However, the edge from A to C presumably has similar images to the
edge from A to B over the initial span in which they generally
coincide. As such, the edge from A to C may generate relatively
high probabilistic beliefs when the agent 100 is "near" node A,
which may result in strong votes for an inappropriate action, such
as rotate. By adding the juncture point J 1602, the two edges which
connect locations A and J will not generate conflicting votes.
[0131] FIG. 15 also shows an optional remote service 1506, which
may correspond to a computing system that is local with respect to
the environment or remote with respect to the environment. In the
latter case, the remote service 1506 can be coupled to the agent
100 via a network of any type, such as a wide area network (e.g.,
the Internet).
[0132] The remote service 1506 can store any type of image
information, graph information, and/or configuration information.

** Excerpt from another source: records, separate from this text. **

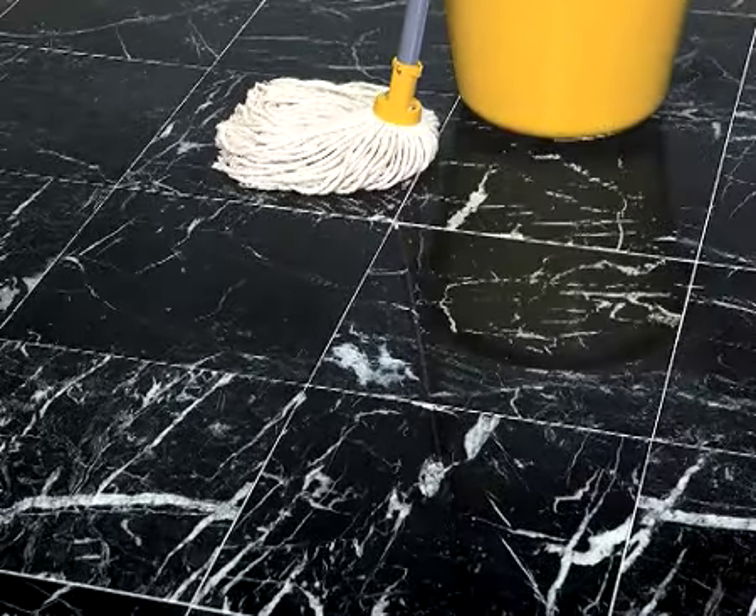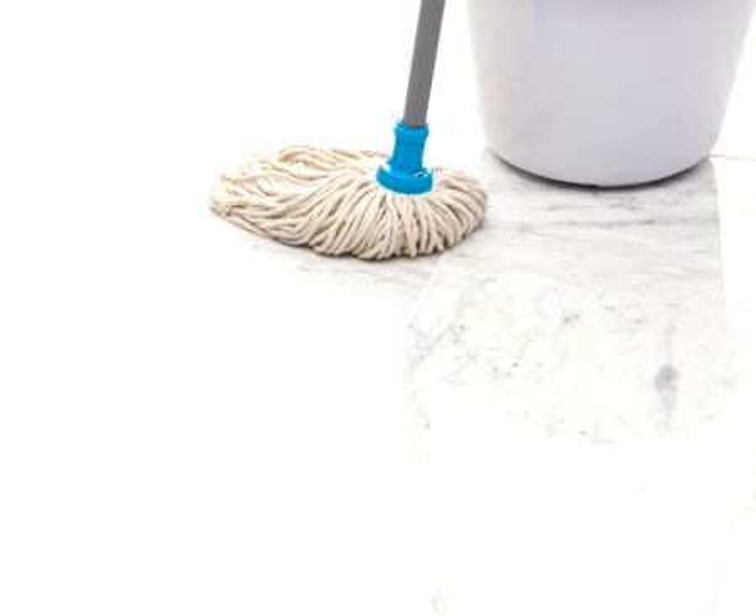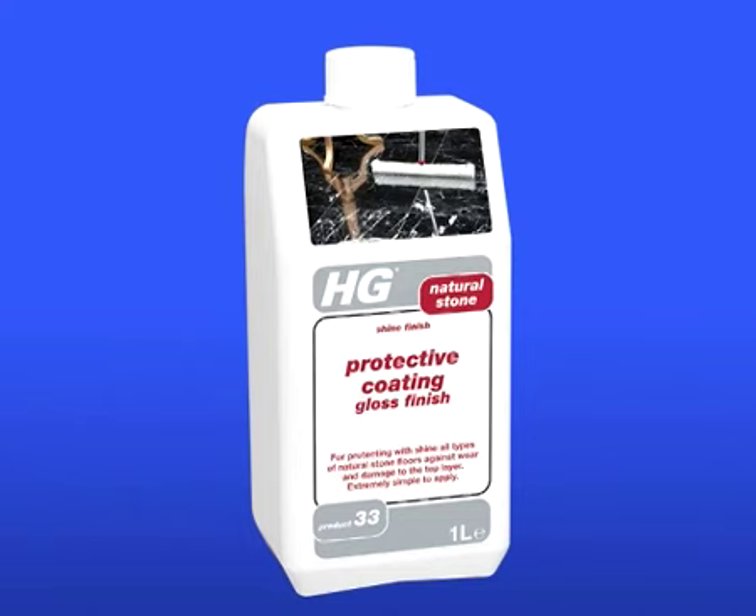HG Natural Stone Shine Restoring Cleaner is a freshly scented, concentrated mopping cleaner developed especially for regular cleaning of marble and all other types of calciferous natural stone floors. It's suitable for untreated floors and for floors treated with HG Natural Stone Protective Coating Gloss Finish.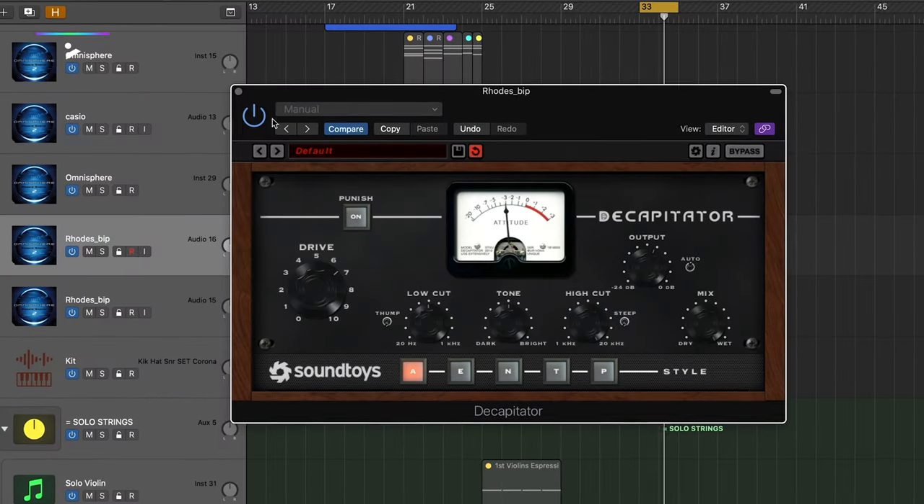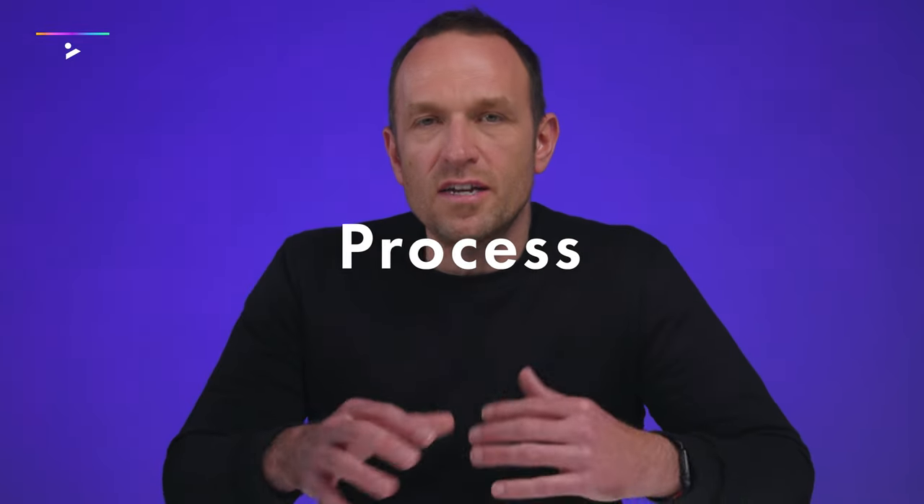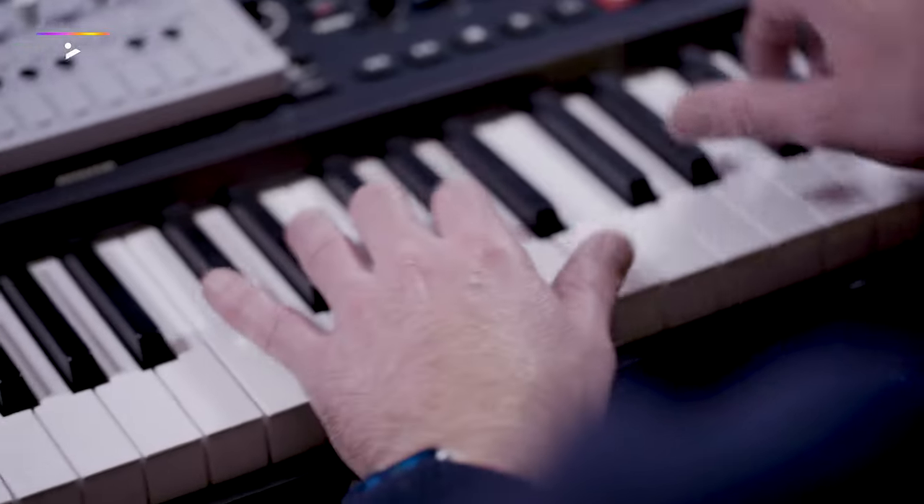I'm going to show you how you can use these chords in different sounds and how to manipulate them, process them in different ways to inspire you in your productions. If you like the sound of that, go check it out.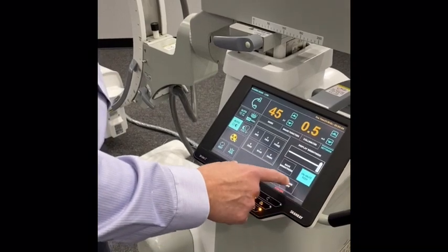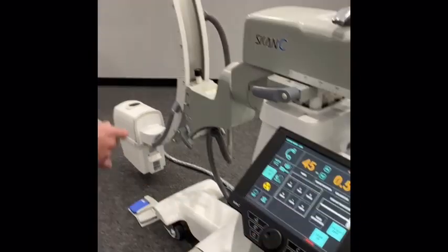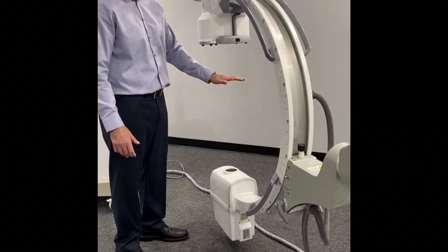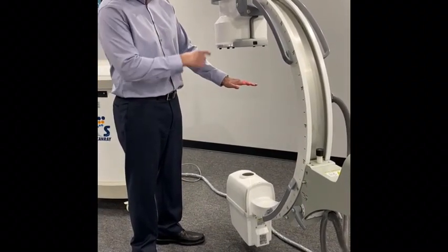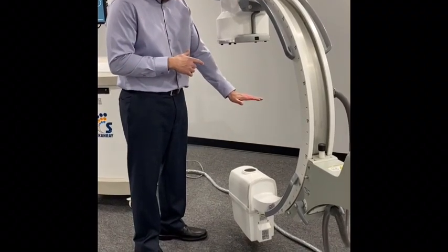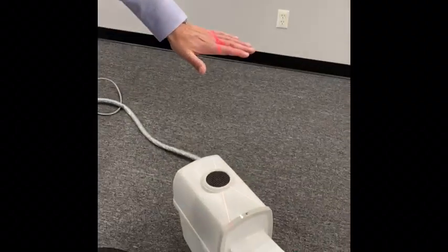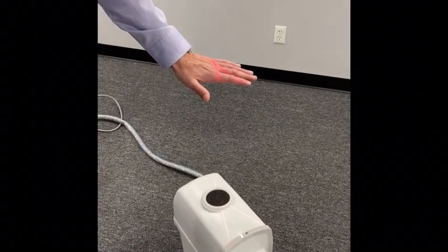I'm going to quickly show you the laser function. You can turn the laser on and come over here. Most C-arms have class 1 lasers, but this is actually a class 2. When you have operating lights on and it's a very bright environment, a class 2 is going to produce a very definitive laser on the body so you can see exactly where it's at. It's a really nice feature having a class 2 laser on this system.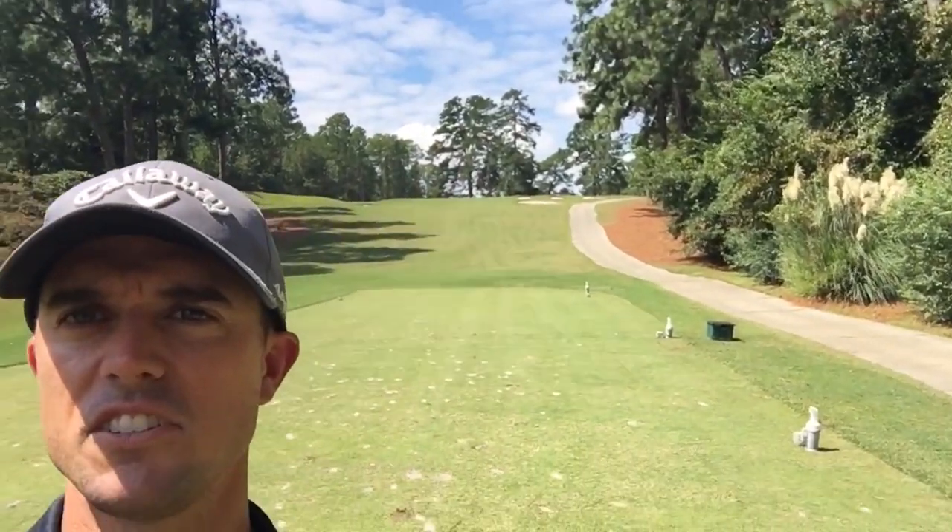Hole number four, Aiken Golf Club — gonna try to make a hole in one. It's about 120, playing about 130 up the hill as you can see. I'm gonna hit a 50 degree and hit it pretty full. Try to play it off the backstop, spin it in the hole. So that's the plan. We're gonna see if I can do it or not.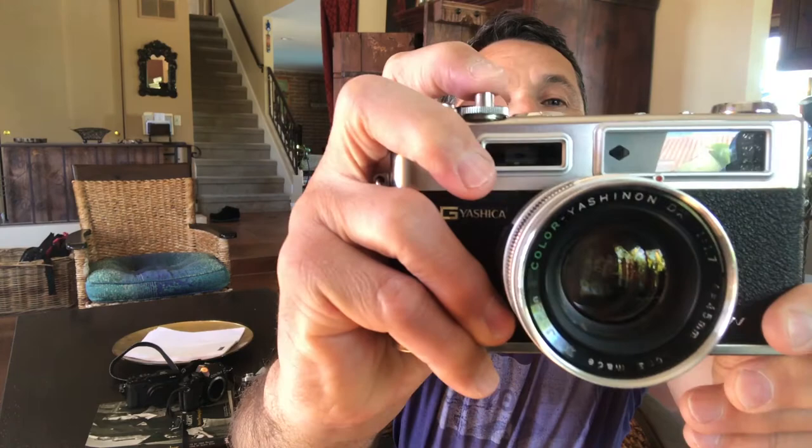That camera got stolen and I didn't really care. Then around 2012, I got into street photography — started reading up and watching videos on it. I discovered that the rangefinder is such a cool camera because it's so quiet. And this camera has a lock on it — can you hear that? If you're discreet, you can barely hear it.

Such storage can supplement the local storage of information in
store 106 or replace the local storage of information in store 106.
In addition, or alternatively, the remote service 1506 can perform
any of the graph-related updating tasks. Such update-related
processing can supplement the processing performed by the graph
updating module 120 or replace the processing performed by the
graph updating module 120. In one case, the remote service 1506 can
download the results of its analysis to the agent 100 for its use
in the real-time mode of operation. In yet another implementation,
the agent 100 can consult any information maintained in the remote
service 1506 during the real-time mode of operation.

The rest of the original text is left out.